De este o parecido modo pensaban en la antigüedad cierta especie de filósofos, llamados estóicos. Desdeñaban los honores y las riquezas y sufrían serenamente el dolor, considerando que la mayor sabiduría consiste en no acobardarse ante los males que nos aflijan y en no desmayar en presencia de las adversidades.
El más notable de todos fue Epicteto, quien vivió en el siglo I de la era cristiana, bajo el reinado de Nerón, aquel terrible emperador que incendió a Roma.
Epicteto era esclavo de un cortesano, y mientras servía a su amo en las ocupaciones domésticas, dedicóse al estudio de la filosofía, alcanzando a descollar entre los más grandes pensadores de la humanidad. Ciertamente nada dejó escrito; pero sus discípulos recogieron las lecciones del maestro y merced a ellos han llegado hasta nosotros las máximas de aquel sabio.
Refiérese de Epicteto que en una ocasión el amo le sometió a tormento, torciéndole la pierna. –“Me la van a romper”, - decía Epicteto. En efecto, así ocurrió, y el amo y los esclavos que no deseaban causarle un daño semejante, quedaron atónitos. El filósofo dijo entonces: “Estaba diciéndoles que me romperían, y no quisieron creerlo”. Y sin más quejas soportó el dolor.
Epicteto enseñaba que el fin de la vida es la perfección de nuestro espíritu, la que solo se consigue imitando las acciones de los hombre virtuosos, cumpliendo lealmente nuestros deberes, cultivando la amistad noblemente y no dejándonos arrastrar por las pasiones mezquinas.
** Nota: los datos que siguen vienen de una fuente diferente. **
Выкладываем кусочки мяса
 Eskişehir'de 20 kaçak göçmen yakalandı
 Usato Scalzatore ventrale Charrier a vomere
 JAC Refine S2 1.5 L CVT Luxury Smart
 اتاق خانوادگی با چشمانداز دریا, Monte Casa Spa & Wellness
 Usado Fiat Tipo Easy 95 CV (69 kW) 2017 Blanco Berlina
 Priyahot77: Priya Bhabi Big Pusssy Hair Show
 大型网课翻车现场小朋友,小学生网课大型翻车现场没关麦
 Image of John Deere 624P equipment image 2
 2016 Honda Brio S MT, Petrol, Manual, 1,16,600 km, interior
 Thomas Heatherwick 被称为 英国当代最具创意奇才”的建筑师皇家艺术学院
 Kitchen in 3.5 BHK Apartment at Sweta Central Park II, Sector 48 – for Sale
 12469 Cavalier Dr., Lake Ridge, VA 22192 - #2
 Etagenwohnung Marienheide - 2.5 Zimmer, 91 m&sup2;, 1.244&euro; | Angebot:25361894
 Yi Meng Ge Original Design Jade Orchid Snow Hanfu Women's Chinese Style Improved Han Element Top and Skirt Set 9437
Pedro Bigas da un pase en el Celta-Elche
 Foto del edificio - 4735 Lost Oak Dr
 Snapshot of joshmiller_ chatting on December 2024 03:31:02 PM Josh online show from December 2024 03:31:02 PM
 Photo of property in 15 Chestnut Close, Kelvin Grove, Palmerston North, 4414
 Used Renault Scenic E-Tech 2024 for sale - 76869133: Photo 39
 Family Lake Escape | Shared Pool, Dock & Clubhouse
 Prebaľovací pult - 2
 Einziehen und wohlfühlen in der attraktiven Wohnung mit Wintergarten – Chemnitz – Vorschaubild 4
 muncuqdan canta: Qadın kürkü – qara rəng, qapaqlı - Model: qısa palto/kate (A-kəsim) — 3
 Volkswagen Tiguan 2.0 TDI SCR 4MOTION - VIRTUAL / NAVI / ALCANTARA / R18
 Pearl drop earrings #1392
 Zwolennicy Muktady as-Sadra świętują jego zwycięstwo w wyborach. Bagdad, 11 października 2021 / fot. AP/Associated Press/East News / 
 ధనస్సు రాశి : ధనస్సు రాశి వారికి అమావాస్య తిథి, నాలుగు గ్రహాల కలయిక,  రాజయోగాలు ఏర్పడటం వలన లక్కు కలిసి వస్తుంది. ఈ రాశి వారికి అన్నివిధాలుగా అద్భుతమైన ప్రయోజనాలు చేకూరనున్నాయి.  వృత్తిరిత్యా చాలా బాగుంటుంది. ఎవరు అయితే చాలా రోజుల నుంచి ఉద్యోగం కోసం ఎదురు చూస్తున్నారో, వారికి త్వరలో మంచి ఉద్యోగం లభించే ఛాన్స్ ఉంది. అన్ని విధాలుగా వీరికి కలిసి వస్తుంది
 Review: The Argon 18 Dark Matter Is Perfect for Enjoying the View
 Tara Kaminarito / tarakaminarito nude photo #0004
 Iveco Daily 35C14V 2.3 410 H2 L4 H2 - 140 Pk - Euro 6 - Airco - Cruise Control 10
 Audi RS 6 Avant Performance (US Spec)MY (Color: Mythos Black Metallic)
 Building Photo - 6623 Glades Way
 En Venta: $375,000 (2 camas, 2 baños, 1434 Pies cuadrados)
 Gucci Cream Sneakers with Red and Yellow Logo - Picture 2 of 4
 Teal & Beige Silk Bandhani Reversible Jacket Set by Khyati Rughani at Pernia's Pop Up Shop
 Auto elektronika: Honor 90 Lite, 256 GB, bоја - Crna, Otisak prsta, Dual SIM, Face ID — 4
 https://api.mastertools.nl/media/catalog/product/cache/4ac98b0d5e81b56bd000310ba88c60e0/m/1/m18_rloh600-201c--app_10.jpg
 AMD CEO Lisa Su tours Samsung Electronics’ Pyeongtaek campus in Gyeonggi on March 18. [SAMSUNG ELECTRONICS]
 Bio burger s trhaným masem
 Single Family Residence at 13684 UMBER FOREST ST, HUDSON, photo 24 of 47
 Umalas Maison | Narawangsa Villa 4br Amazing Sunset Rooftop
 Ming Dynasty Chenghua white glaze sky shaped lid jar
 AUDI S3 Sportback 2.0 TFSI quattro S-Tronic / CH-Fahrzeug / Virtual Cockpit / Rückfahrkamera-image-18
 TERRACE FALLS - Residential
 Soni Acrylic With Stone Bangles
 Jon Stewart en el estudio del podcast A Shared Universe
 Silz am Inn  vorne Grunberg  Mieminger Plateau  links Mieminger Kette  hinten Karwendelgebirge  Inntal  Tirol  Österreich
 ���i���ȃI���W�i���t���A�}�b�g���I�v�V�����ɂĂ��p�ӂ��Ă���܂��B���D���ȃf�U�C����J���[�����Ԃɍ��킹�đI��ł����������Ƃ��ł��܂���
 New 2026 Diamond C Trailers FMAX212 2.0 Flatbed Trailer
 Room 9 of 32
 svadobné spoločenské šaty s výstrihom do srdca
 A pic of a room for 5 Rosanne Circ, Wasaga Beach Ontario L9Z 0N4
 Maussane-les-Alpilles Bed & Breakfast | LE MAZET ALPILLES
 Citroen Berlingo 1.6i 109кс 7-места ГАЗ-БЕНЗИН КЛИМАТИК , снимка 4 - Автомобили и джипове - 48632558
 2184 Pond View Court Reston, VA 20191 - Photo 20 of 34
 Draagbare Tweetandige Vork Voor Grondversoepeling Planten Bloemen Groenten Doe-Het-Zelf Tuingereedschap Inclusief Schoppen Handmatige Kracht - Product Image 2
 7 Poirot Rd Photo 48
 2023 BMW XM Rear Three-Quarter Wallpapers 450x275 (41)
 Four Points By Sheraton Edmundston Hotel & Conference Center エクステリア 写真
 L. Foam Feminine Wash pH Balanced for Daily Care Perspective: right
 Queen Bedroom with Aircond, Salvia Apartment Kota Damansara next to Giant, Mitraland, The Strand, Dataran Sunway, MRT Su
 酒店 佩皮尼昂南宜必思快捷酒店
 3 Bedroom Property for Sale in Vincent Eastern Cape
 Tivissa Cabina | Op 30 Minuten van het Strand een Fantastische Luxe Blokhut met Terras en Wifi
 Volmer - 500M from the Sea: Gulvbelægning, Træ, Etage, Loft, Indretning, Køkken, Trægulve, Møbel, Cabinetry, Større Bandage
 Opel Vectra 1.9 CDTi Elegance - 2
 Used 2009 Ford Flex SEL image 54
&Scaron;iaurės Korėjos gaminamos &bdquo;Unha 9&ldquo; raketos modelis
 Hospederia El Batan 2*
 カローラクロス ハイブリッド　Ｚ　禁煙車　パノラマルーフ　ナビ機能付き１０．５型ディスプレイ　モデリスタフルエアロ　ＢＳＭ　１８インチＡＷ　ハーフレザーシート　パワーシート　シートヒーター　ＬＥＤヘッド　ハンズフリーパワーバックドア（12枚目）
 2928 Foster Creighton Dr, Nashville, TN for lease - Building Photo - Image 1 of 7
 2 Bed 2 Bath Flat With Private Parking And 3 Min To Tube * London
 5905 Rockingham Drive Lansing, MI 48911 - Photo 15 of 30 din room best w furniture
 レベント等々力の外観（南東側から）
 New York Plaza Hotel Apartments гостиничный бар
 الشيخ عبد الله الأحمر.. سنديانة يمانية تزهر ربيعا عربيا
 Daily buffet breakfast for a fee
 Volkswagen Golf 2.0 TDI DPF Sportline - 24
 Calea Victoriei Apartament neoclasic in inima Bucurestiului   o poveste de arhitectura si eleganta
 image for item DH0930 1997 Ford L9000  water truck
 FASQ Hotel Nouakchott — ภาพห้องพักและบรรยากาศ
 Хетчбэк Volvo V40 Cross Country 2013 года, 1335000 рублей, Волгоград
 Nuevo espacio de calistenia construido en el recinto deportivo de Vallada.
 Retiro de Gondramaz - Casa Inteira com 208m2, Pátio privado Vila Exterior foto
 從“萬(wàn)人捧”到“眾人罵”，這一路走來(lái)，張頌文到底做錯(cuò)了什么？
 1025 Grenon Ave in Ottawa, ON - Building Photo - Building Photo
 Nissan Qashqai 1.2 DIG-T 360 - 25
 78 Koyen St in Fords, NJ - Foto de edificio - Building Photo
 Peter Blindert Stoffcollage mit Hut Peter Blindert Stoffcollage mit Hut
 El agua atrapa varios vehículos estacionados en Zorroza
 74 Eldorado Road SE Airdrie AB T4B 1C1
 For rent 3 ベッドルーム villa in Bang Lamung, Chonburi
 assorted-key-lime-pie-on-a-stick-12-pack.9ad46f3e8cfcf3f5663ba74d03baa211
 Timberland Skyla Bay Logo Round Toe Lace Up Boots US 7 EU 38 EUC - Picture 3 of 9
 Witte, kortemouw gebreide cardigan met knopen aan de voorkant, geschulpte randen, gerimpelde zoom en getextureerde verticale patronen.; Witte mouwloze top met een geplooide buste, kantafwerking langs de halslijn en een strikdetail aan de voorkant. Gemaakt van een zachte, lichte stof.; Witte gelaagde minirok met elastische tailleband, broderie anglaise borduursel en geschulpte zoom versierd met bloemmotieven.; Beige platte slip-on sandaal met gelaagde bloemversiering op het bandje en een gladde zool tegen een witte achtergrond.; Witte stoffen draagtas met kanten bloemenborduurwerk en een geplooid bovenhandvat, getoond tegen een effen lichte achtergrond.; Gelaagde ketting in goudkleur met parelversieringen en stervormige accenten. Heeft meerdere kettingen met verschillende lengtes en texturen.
En la lección siguiendo el estudiante hallará una serie de máximas de Epicteto. Leyéndolas comprenderá claramente la sabiduría de aquel hombre, tanto más meritorio si recordamos la triste servidumbre a que vivió sometido. ¡Cuántos poderosos, sin embargo, no envidiarían la gloria imperecedera del esclavo filósofo!